Piranhas

Nicola et ses amis ont entre dix et quinze ans. Ils se déplacent à scooter, ils sont armés et fascinés par la criminalité. Ils ne craignent ni la prison ni la mort, seulement de mener une vie ordinaire comme leurs parents. Leurs modèles : les parrains de la Camorra. Leurs valeurs : l’argent et le pouvoir. Leurs règles : fréquenter les bonnes personnes, trafiquer dans les bons endroits, et occuper la place laissée vacante par les anciens mafieux pour conquérir les quartiers de Naples, quel qu’en soit le prix... Piranhas est l’adaptation cinématographique du best-seller du même nom de Roberto Saviano, l'auteur de Gomorra, qui décrit la naissance des baby-gangs dans le monde féroce de la mafia napolitaine...

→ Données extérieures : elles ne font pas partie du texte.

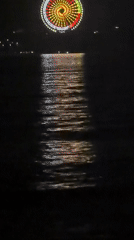 Lit Ferris wheel reflects across water in Nha Trang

Note d’intention du réalisateur Claudio Giovannesi
Piranhas traite du rapport entre adolescence et criminalité : l'impossibilité de vivre les émotions fondamentales de l'adolescence, comme l'amour et l'amitié, lorsque l'on s'essaie à une vie de gangster. C'est un film sur la fin de l'innocence pour un adolescent de quinze ans et sa bande de copains. En décidant de goûter à la criminalité, Nicola, le personnage principal, va bientôt réaliser qu'il ne peut plus reculer et qu'il va devoir renoncer à son premier amour et à ses amis. Vivre les émotions fondamentales de l'adolescence est impossible quand on est un criminel.

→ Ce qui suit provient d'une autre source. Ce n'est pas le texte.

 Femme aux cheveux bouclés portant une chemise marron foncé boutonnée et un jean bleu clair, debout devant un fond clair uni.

C'est un besoin très fort pour le personnage principal, qui lui est désormais interdit. La délinquance n'est pas une vocation pour ces jeunes, mais plutôt la conséquence d'une illégalité ambiante. Toutefois, le film n'adopte pas un point de vue sociologique. On se met à la place de ces jeunes, sans les juger, et on montre comment ils gèrent leurs sentiments d'adolescents, leur expérience de la criminalité et leur soif de pouvoir.

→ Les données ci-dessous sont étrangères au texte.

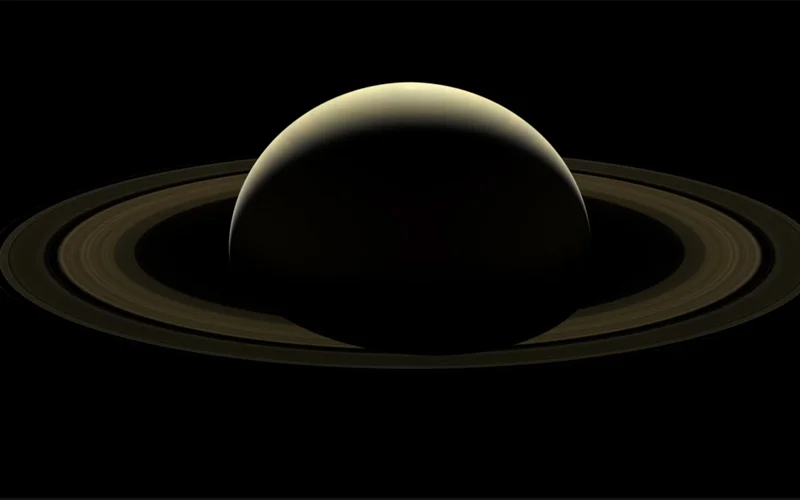 A natural-color view of Saturn as seen from NASA's Cassini spacecraft after more than 13 years of surveying the gas giant. Six of Saturn's moons—Enceladus, Epimetheus, Janus, Mimas, Pandora and Prometheus—make a faint appearance in this image. (Numerous stars are also visible in the background.)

La narration de la parabole criminelle est toujours liée au récit de leurs émotions, de leurs histoires d'amitié et d'amour qui, dans ces circonstances, sont vouées à l'échec. Bien qu'ils n'aient que quinze ans, ces adolescents sont confrontés quotidiennement à la mort, qui constitue une possibilité bien réelle. Ils se rêvent en conquérants et choisissent la guerre par inconscience. La soif de pouvoir de ces garçons renferme un paradoxe, lié à la naïveté de leur jeune âge : ils veulent faire régner la terreur pour la bonne cause. Ils rêvent d'un pouvoir juste, d'une Camorra éthique. Les fils tuent les pères, ils prennent leur place, et pour ce faire, ils doivent renoncer à leur enfance, sacrifier leur insouciance, considérer la mort et la prison comme une éventualité.

Préparation et tournage
Même s'il est inspiré d'événements récents, le film n'a pas pour vocation de décrire des faits réels. Son objectif n'est pas de reconstituer fidèlement un fait divers survenu dans un quartier précis, ni de brosser un portrait de la délinquance juvénile napolitaine. Naples sert de cadre au récit, mais le thème du film va bien au-delà du lieu de tournage.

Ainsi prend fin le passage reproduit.